# IMHO----Bookcliffs deer quality contiues nose dive



## goofy elk (Dec 16, 2007)

Well, I've been visiting the Books for 25 years now ...

Watched the AWESOME days of AR's turn to disastor of general season.

Then closed to deer hunting for 4 years ........

Reopen to LE, and VERY, very good from 2000- about 09 ...

2010 til now, HUGE nose dive in quality and falling---Yoo many permits, IMO.

Les hear it UWN guys,,, Opinions anyone?.


----------



## stillhunterman (Feb 15, 2009)

I get so tired of you and those of your I'll crying and biotching about "quality and inches" sometimes I just want to puke.-O,-


----------



## Critter (Mar 20, 2010)

The Book Cliffs and a few other units in Utah were always about inches except for those few years that it was open to any buck and everything got shot. There are also some of us on here that only shoot a deer every few years and don't need to shoot one every year and would like to see areas like the Book Cliffs improve. 

The stories are all over the pages of this forum. Everyone settles for a smaller buck when if they would be a little bit selective then they just might see a larger one after a couple of years. I have talked to quite a few hunters in the field that say that they can't find a larger buck and they usually have a 2 pt on their 4 wheeler. I guess that they figure that a 4 pt is born that way.


----------



## Truelife (Feb 6, 2009)

I agree with both Goofy and Critter. I spent the summer and my hunt on the Vernon this year. The reason I did so was becuase I spent a few days each of the last couple of years on the book cliffs and didn't feel it was enough better than the vernon to make the drive. I feel that about the same time range could be applied on the vernon for it starting to dive.

The frustrating thing to me is that it seems there could be logical workarounds that make sense and could benefit all parties.

If they feel they need to increase the tags to double then why not make half of the tags management tags. Both units need a management hunt desperately. They would still get the same amount of $$$ from tags. People like Stillhunterman could go and shoot something small because they don't really care about big deer, and those who do care about big deer would get the benefit of a lot of medium sized bucks having the opportunity to grow a little older.

Why does it always have to be boom or bust?


----------



## wyoming2utah (Sep 12, 2007)

The problem is that everyone wants bigger bucks and the ability to hunt them...So, to try and compensate hunters the DWR manages for different types of hunts--General, LE, and Premium LE. The bookcliffs unit is managed for more mature bucks than a general unit, but not for as many mature bucks as a premium LE unit. People need to recognize these differences before they apply for hunts. Goofy, would you say that the Bookcliffs unit is above the general units as far as quality is concerned? I bet you would....would you say it is below the Henry's or the Pauns? I bet you would. You can complain about quality dropping on the Bookcliffs all you want, but the truth is that it fits probably exactly where it should--between the Premium units and the General units.

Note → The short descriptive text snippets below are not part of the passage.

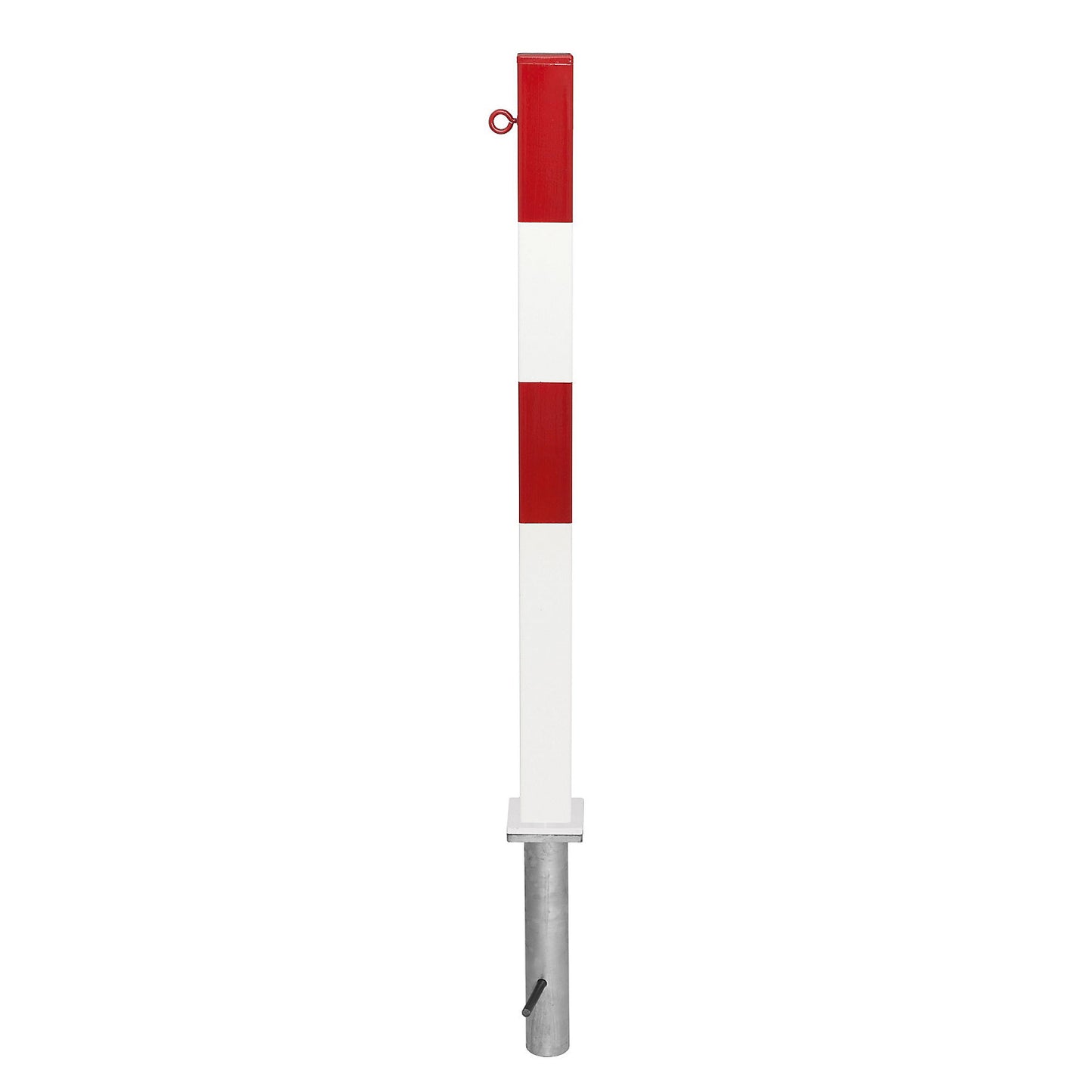 Barrier post, Ø 76 mm, 1 chain eyelet on the left.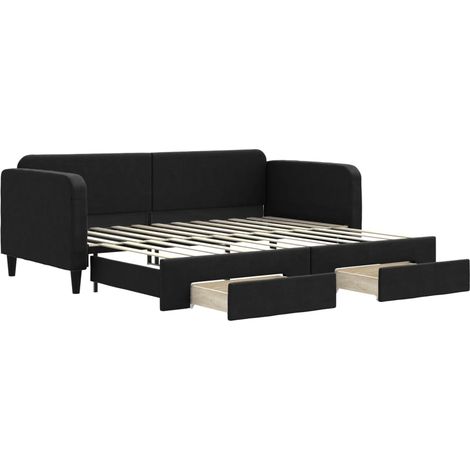 Maison Exclusive - Tagesbett Ausziehbar mit Schubladen Schwarz 90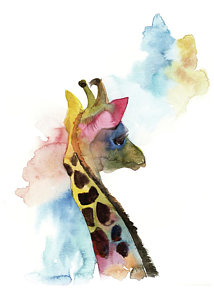 214x300 Giraffe Watercolor Paintings Fine Art America - Giraffe Watercolor Painting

What drives me nuts is that many of the trophy hunters want all the units managed for monster bucks....it shouldn't be that way!


----------



## swbuckmaster (Sep 14, 2007)

In case you didn't notice they cut over a hundred tags in the bookcliffs this year. If your worried about quality on a le unit don't buy the tag on rebuilding cycles!

As far as quality goes on the bookcliffs. I would have given my 13 archery points and my left nut to hunt it this year! This was one of the best years for horn growth out there!

The bookcliffs isn't managed for high end trophies but they are there, I saw them. I saw lots of them! Its managed for 140-160 class 4 points. If you want better than that you better save your points!

Guess what you can kill 140-160 bucks on general units if you work for them. Thus the reason I don't apply for the bookcliffs unit. 

I think there are people who don't spend time on the unit till they draw the tag. Then when they get out their they get dissapointed with their expectations of giant le deer running all over the place. You "usually" get out of a unit with the effort you put into it. 

The bookcliffs is basically a general unit on steriods. Lots and lots of bucks to wade through with most of them under the age class a true trophy hunter are looking for. But statistically speaking you will still have a few over the average age out there and that's when you put your big boy boots on and go dig them out, glass them out, put miles on your wheeler ect.


----------



## utaharcheryhunter (Jul 13, 2009)

stillhunterman said:


> I get so tired of you and those of your I'll crying and biotching about "quality and inches" sometimes I just want to puke.-O,-


OK, you just keep shooting your 2 points.. And go "puke" somewhere else.. These LE units are set aside to provide good deer areas with opportunity to shoot "quality and inches".. That's why I put in, and hundreds of others do the same..


----------



## Packout (Nov 20, 2007)

The overall Book Cliffs deer herd declined around 20% 3 or so years ago. There was no doe hunt and it wasn't for lack of bucks-- I think we can all agree on that. So what are we seeing today? A lack of 3-5 year old bucks in the herd-- compared to previous years. They have cut around 100-150 tags the past couple years. Those cuts should increase the "quality" of bucks, but it will take another year or two see the results. 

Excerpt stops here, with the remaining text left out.